* THE PROBLEM
Look below for the line with "Impromat Rallysprint Kopná", then repeat it and all lines after it, exactly, minus any pictures.

::::::::::

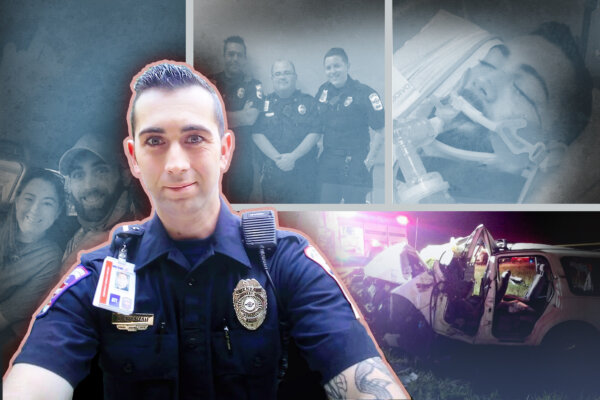 He Survived a Car Crash That Broke Almost Every Bone in His Body, Then Became a Paramedic to ‘Pay It Forward’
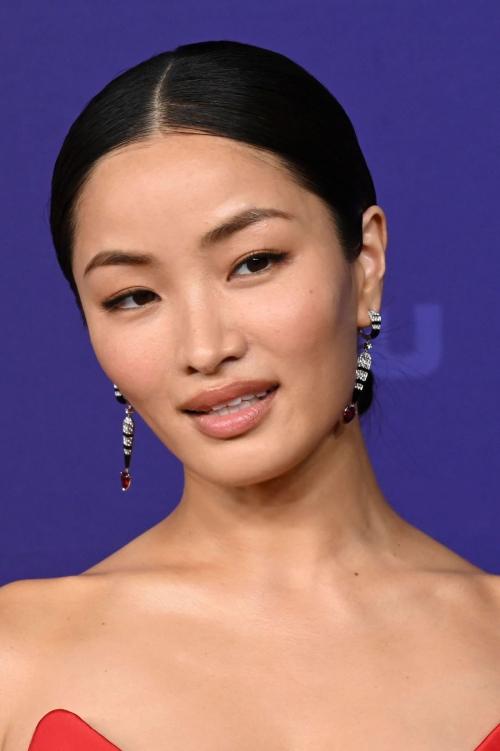 Anna Sawai at 76th Emmy Awards at Peacock Theatre in Los Angeles 1
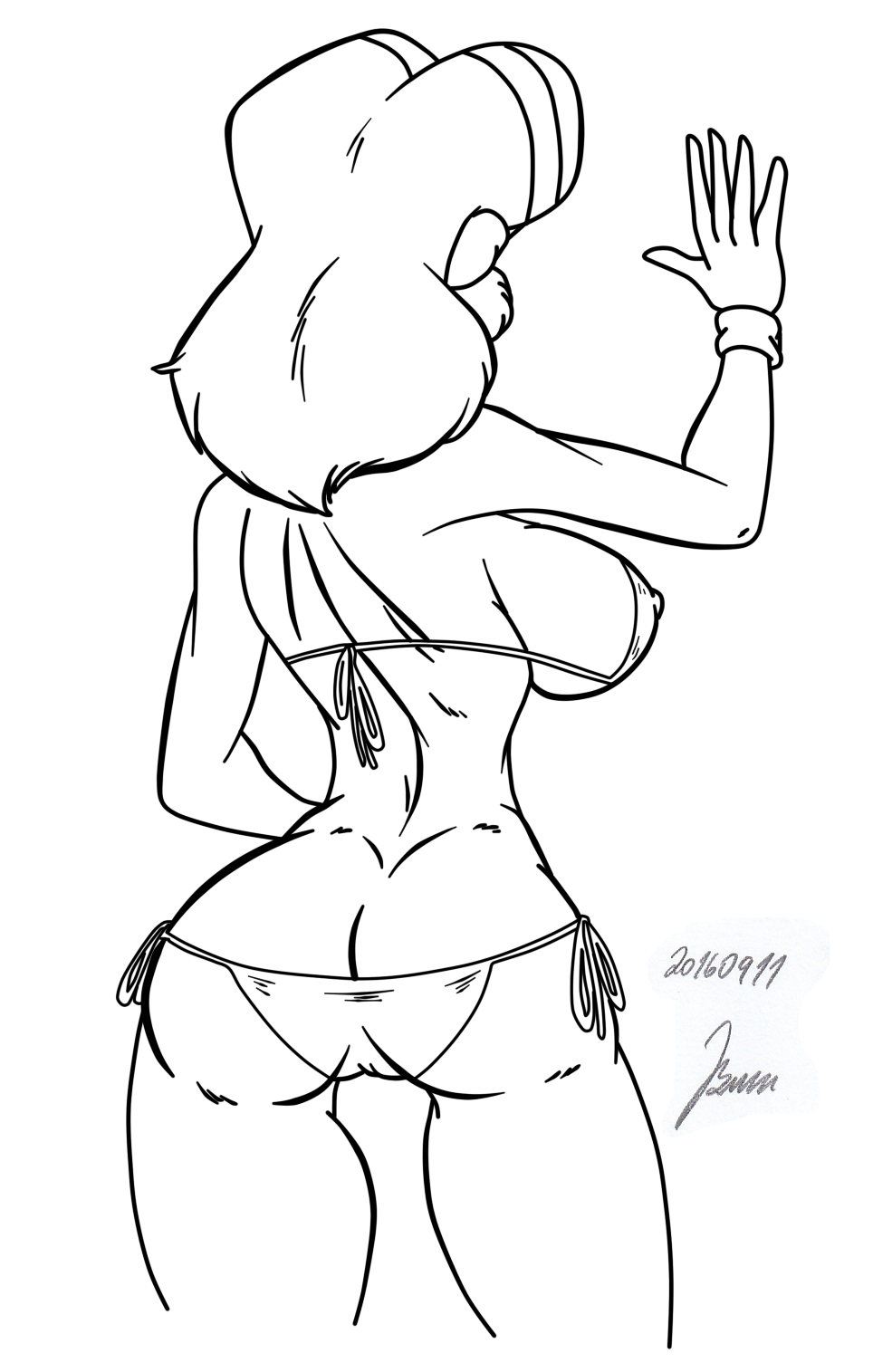 Rebecca Cunningham _ Tale Spin_ My miny Sketches work_2 page 7 full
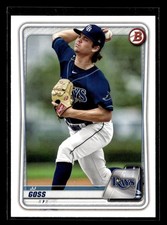 2020 Bowman Draft #BD-40 JJ Goss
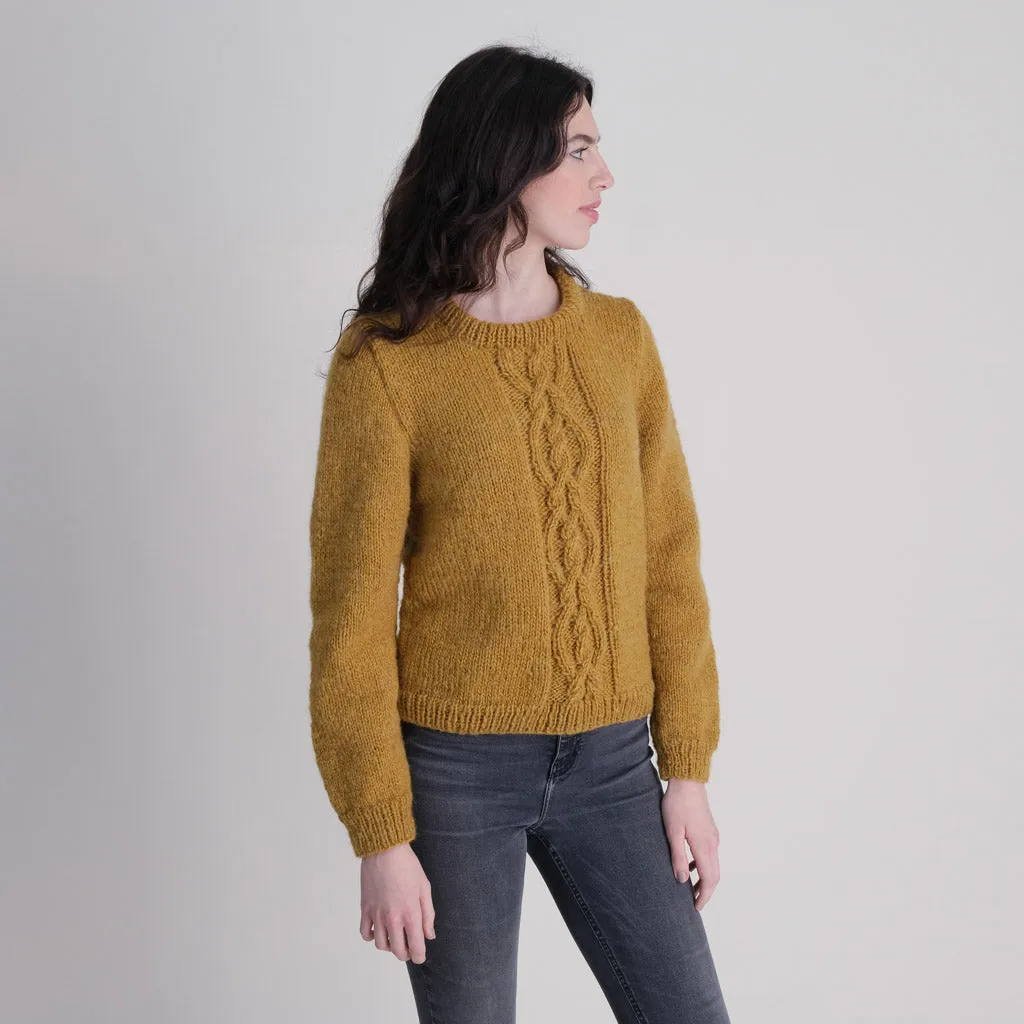 Ivy Hand Knitted Jumper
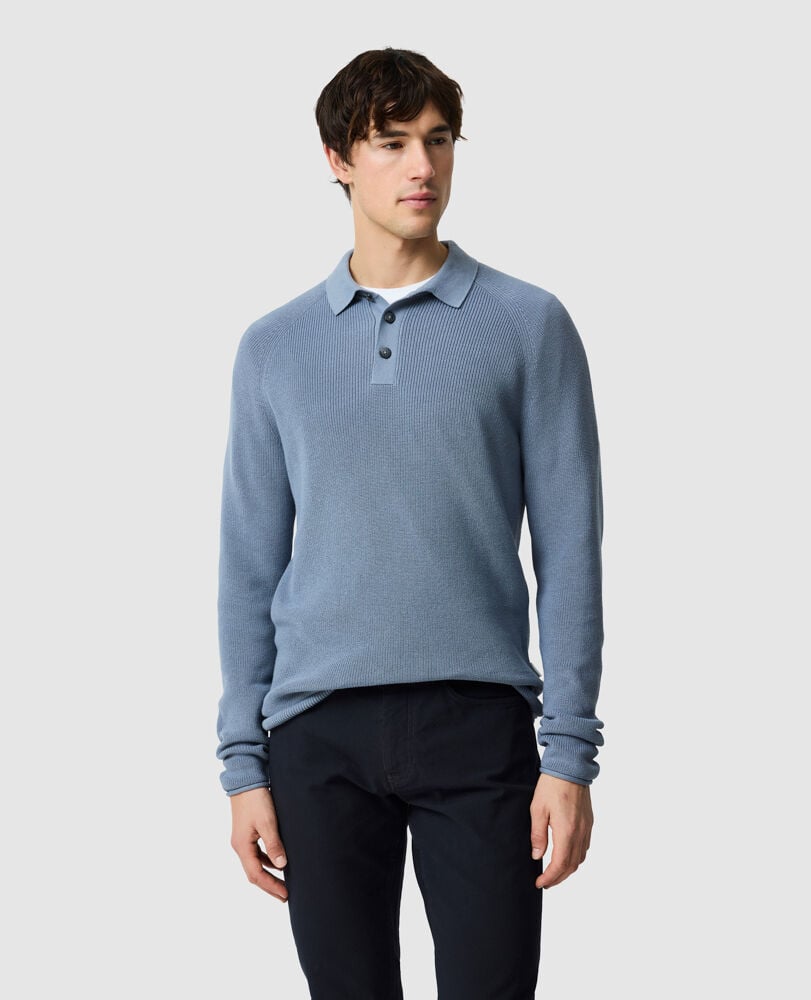 Eastern Bush Knit, FLINT, Front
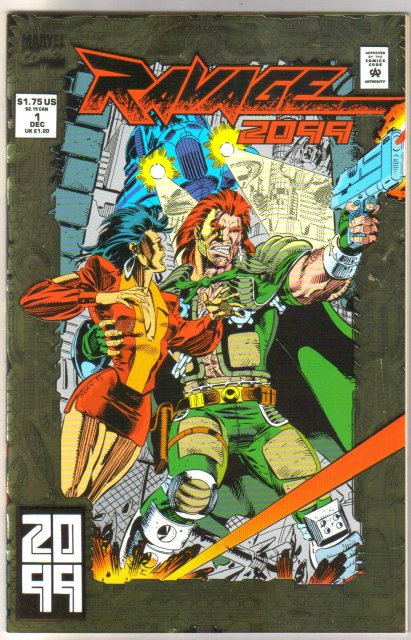 Ravage 2099 #1 comic book mint 9.8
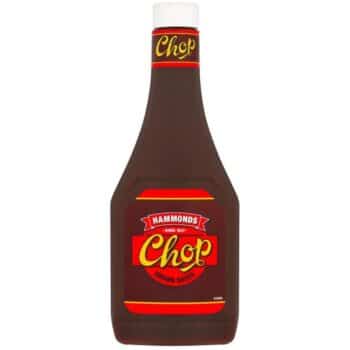Hammonds of Yorkshire Chop Brown Sauce (698g)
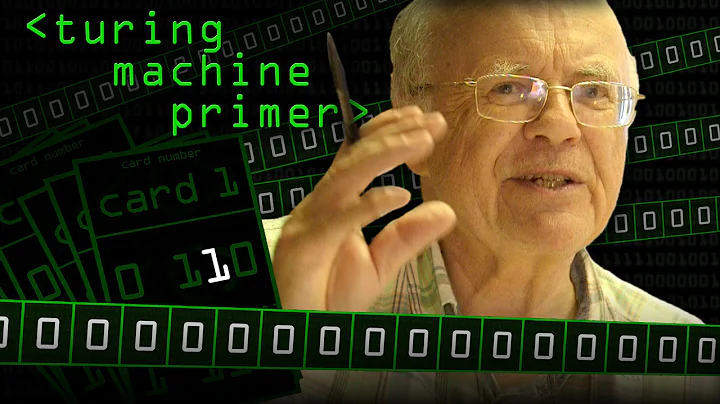 Turing Machine Primer - Computerphile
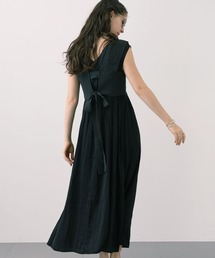 saloon | SALOON(サルーン)/ビスチェ付きセットワンピース　ロング丈(ワンピース)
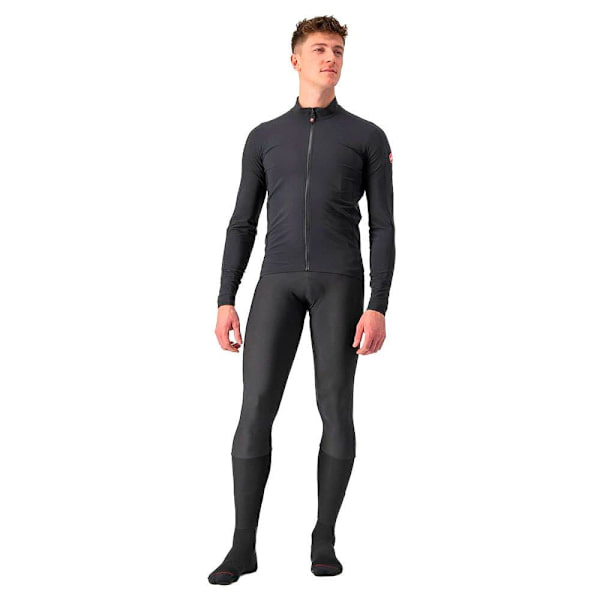 Castelli Pitkähihainen Jersey Flight Air Harmaa 2XL Mies
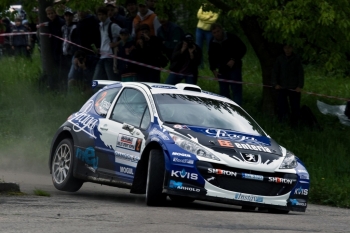 Impromat Rallysprint Kopná 2010 (Petrů - Bezděkovský)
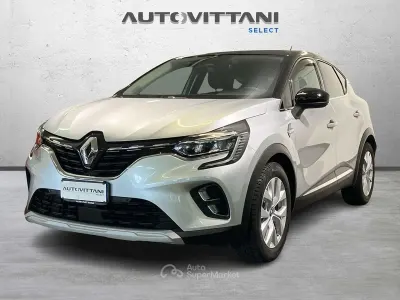 Brugt Renault Captur Intens 145 HK (106 kW) 2021 Grå SUV
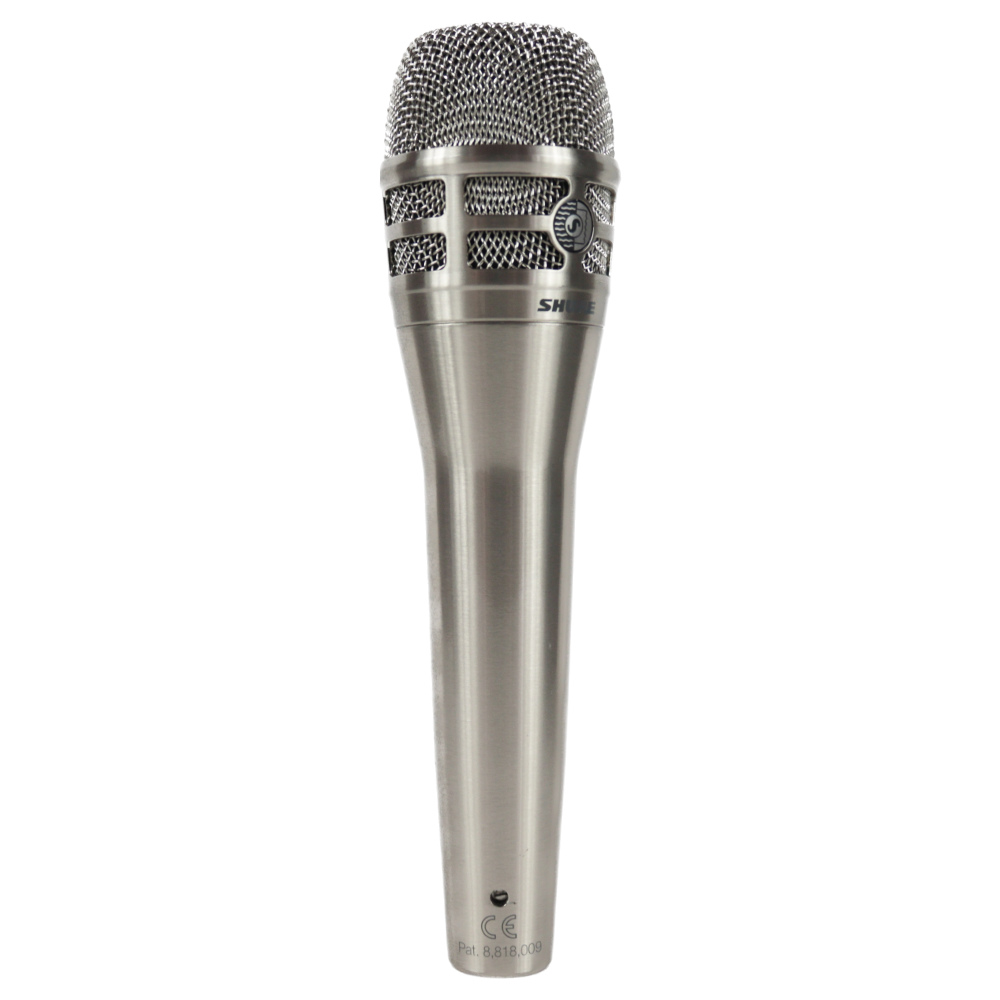 【中古】 マイク シュア SHURE KSM8 N Dualdyne ボーカル用 ダイナミックマイク シュアー 本体画像 2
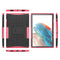 For Samsung Galaxy Tab A8 10.5 (2021) Tire Texture TPU + PC Tablet Case(Pink)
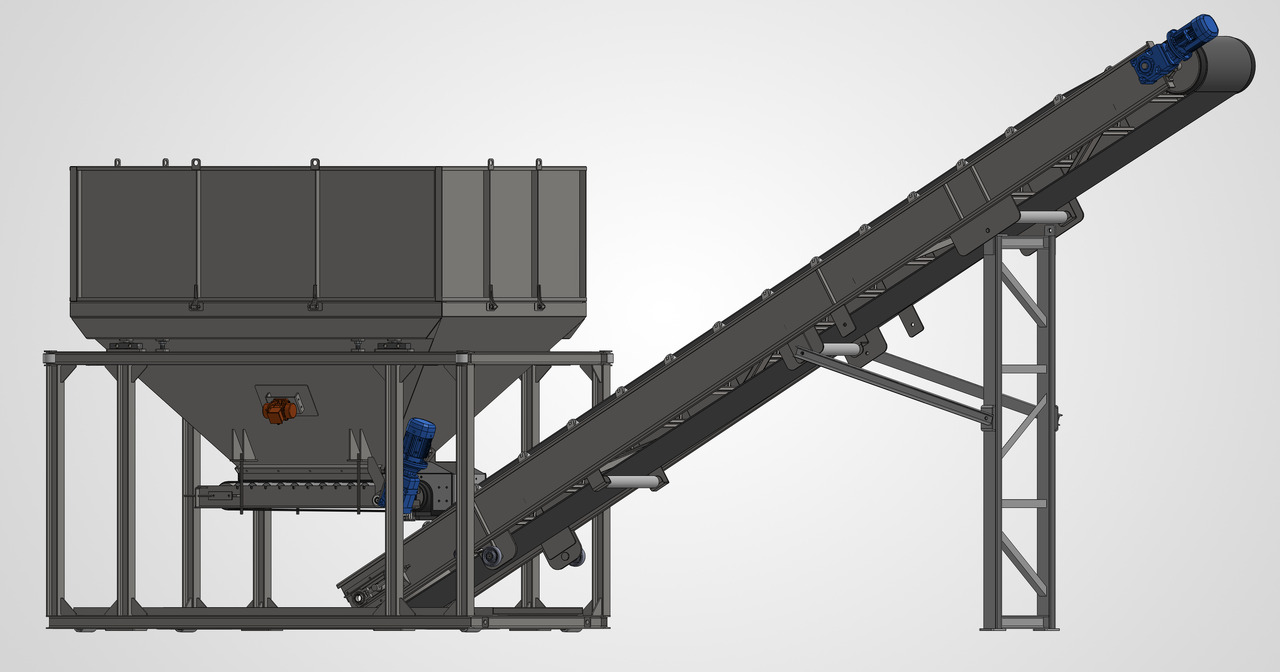 BETONTEMA TRAMOGGIA PER IL CONTENIMENTO E DOSAGGIO DI AGGREGATI - Бетонный завод: фото 2 BETONTEMA TRAMOGGIA PER IL CONTENIMENTO E DOSAGGIO DI AGGREGATI - Бетонный завод: фото 2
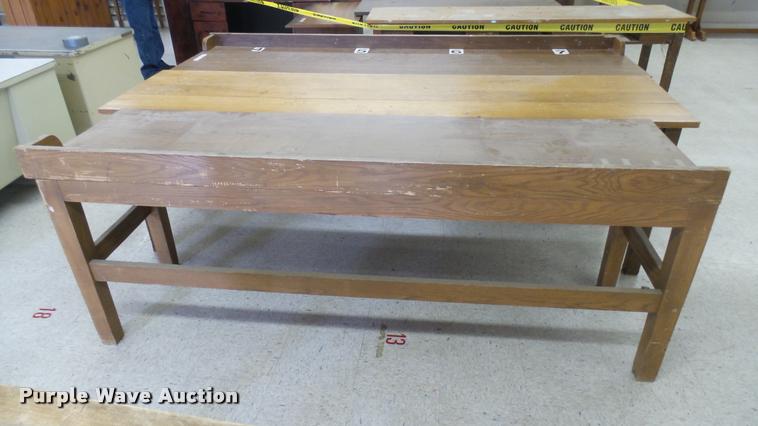 image for item CB9650 (5) wood tables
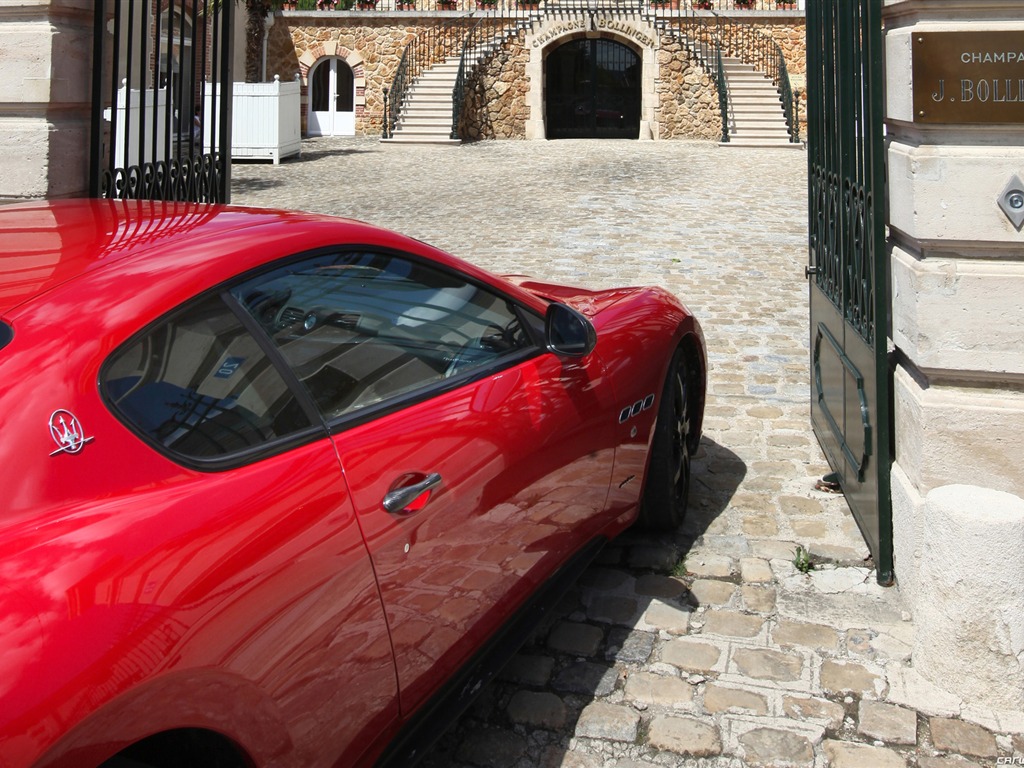 Maserati GranTurismo - 2010의 HD 벽지 #33 - 1024x768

::::::::::

* REPLY TO THE EXERCISE
 Impromat Rallysprint Kopná 2010 (Petrů - Bezděkovský)
 Brugt Renault Captur Intens 145 HK (106 kW) 2021 Grå SUV
 【中古】 マイク シュア SHURE KSM8 N Dualdyne ボーカル用 ダイナミックマイク シュアー 本体画像 2
 For Samsung Galaxy Tab A8 10.5 (2021) Tire Texture TPU + PC Tablet Case(Pink)
 BETONTEMA TRAMOGGIA PER IL CONTENIMENTO E DOSAGGIO DI AGGREGATI - Бетонный завод: фото 2 BETONTEMA TRAMOGGIA PER IL CONTENIMENTO E DOSAGGIO DI AGGREGATI - Бетонный завод: фото 2
 image for item CB9650 (5) wood tables
 Maserati GranTurismo - 2010의 HD 벽지 #33 - 1024x768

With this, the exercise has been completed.